Business startups face almost insurmountable obstacles to success. Fortune.com reported last year that 90 percent of new ventures fail. The top two reasons, according to Fortune, are the lack of a market and a scarcity of financing. It takes a lot of money to take an invention from research and development (which should include market research) to commercial launch, even at a large research university. But the Technology Business Development Program (TBDP) provides support to researchers to fill a financing gap between the laboratory and a technology’s commercial release.
“Gap funding refers to financial support for technology that’s too applied to receive basic research funding (such as grants from the National Science Foundation or other government funders), but it’s too basic to obtain funding from industry,” said Steve Price, Technology Development Center director. “Every project starting off as basic research that goes into commercialization reaches this financial no-man’s-land.”
The TDC, an office within the OSU Research Foundation, is responsible for protecting the university’s intellectual property through the licensing and patenting of OSU-developed technologies.

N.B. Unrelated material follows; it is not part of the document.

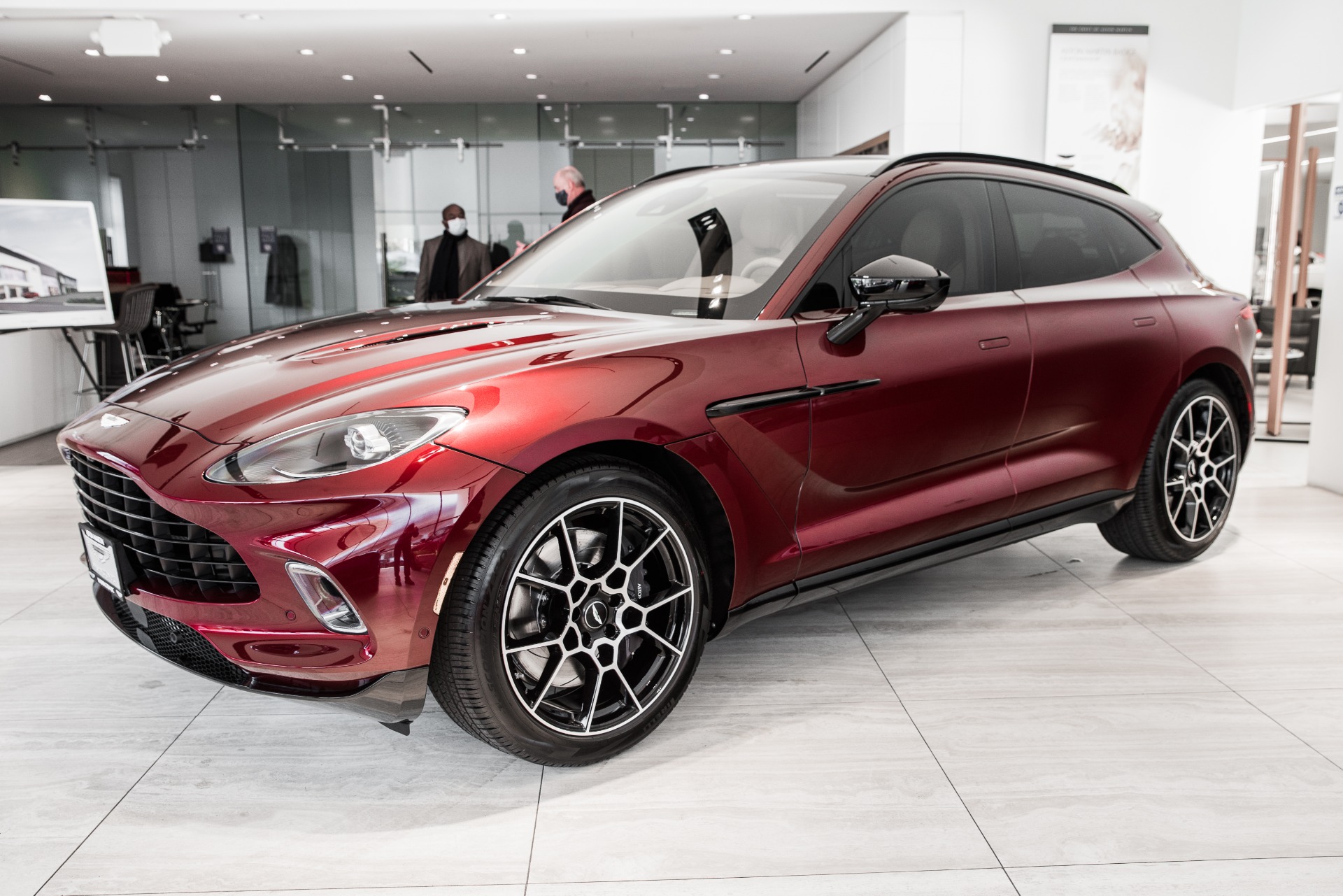 New 2021 Aston Martin DBX | St. Petersburg, FL
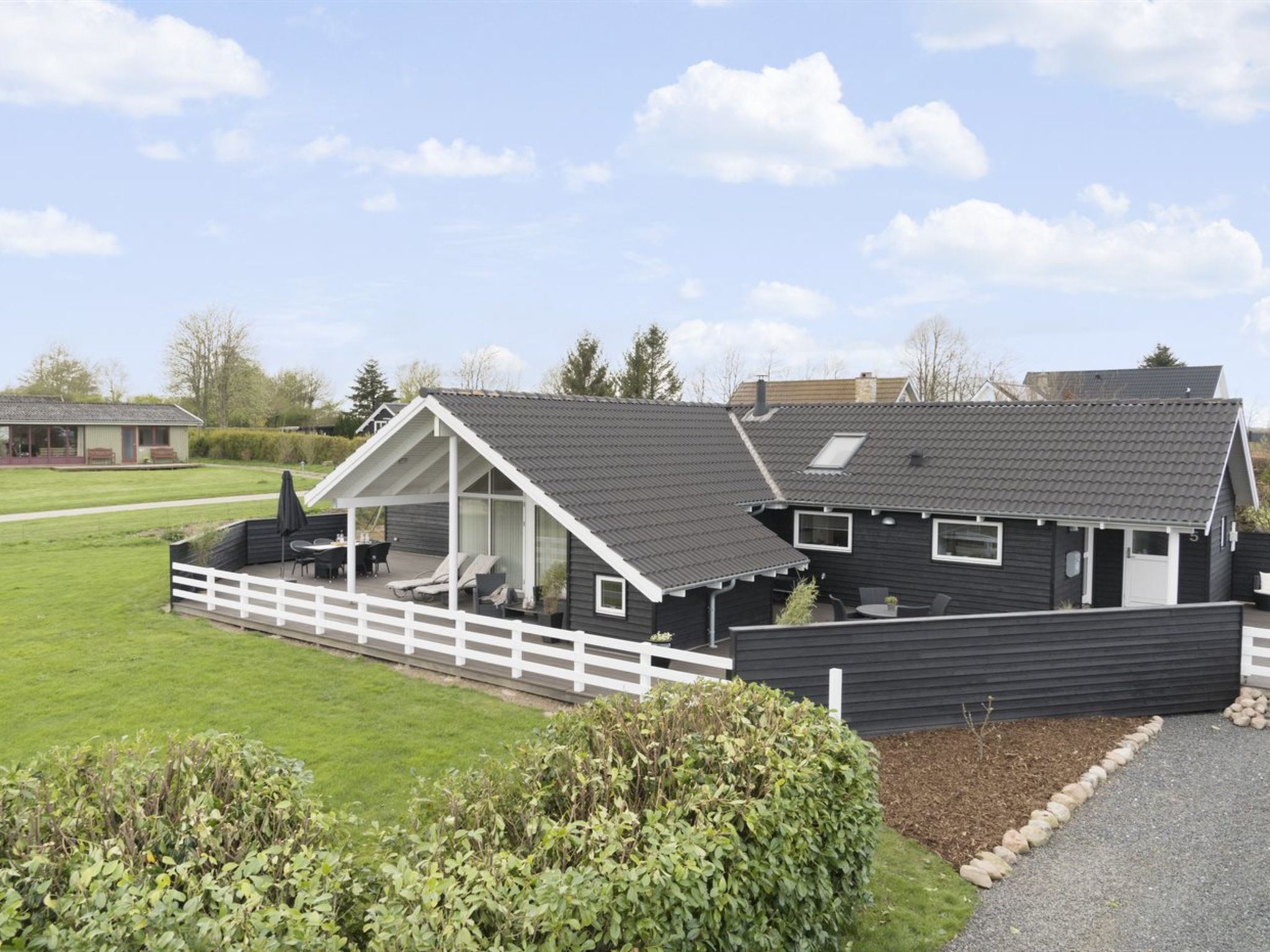 "Hansa" - 900m from the sea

The 4.5-to-1 return on investment was based on Price’s survey of TBDP-funded researchers. He has found that the $2.37 million investment has resulted in $10.87 million returned to OSU in the form of additional financing that researchers received as a direct result of gap funding.
“That return on investment shows the program works,” Price said.
An example of a successful OSU startup that relied on gap funding is Roll-2-Roll Technologies, which manufactures optical sensors and lateral guides used in making consumer products from rolled materials. Founded in 2013 based on technology developed by mechanical engineering professor Prabhakar Pagilla, the sensors and guides were recognized as potential products that would be unique to manufacturing using rolled paper, plastic, metal and fabric. Industry feedback showed the need for the technology.
Pagilla received a National Science Foundation grant to develop the concept for a fiber optic sensor and software to control lateral guides. Pagilla and his team of graduate students, including Aravind Seshadri, now CEO of Roll-2-Roll, launched their business based on that concept but needed more funding to build a prototype. That’s where TDC gap funding entered the picture.
“With NSF money we proved that the concept of the sensor worked, but then we needed funding for a prototype (of the sensor and lateral guide system) to show people in the industry,” said Seshadri. “The gap funding was critical for us to develop a prototype to demonstrate that indeed this could be commercialized and there was a market.”
Seshadri and his team worked countless hours to improve the technology and attract private financing to move the startup and its technologies to commercial viability. The company now has a full product line and is making sales.
As it did with Roll-2-Roll, the Technology Development Center uses TBDP funds to assess the potential of inventions, help launch businesses and license and patent technologies. Licenses are held by OSU, which is paid licensing royalties. In this case, the technology is licensed to Roll-to-Roll Technologies, which shares any profit among the partners and the university.
In 10 years, the gap funding program has received more than 300 proposals and has funded 110. Price said that support has resulted in 25 startups, 88 issued patents, and 30 intellectual property licenses that return revenue to OSU.
“Promising technologies arising from university research can languish for lack of even a modest amount of support,” Price said. “The TBDP helps inventors through this no-man’s-land.”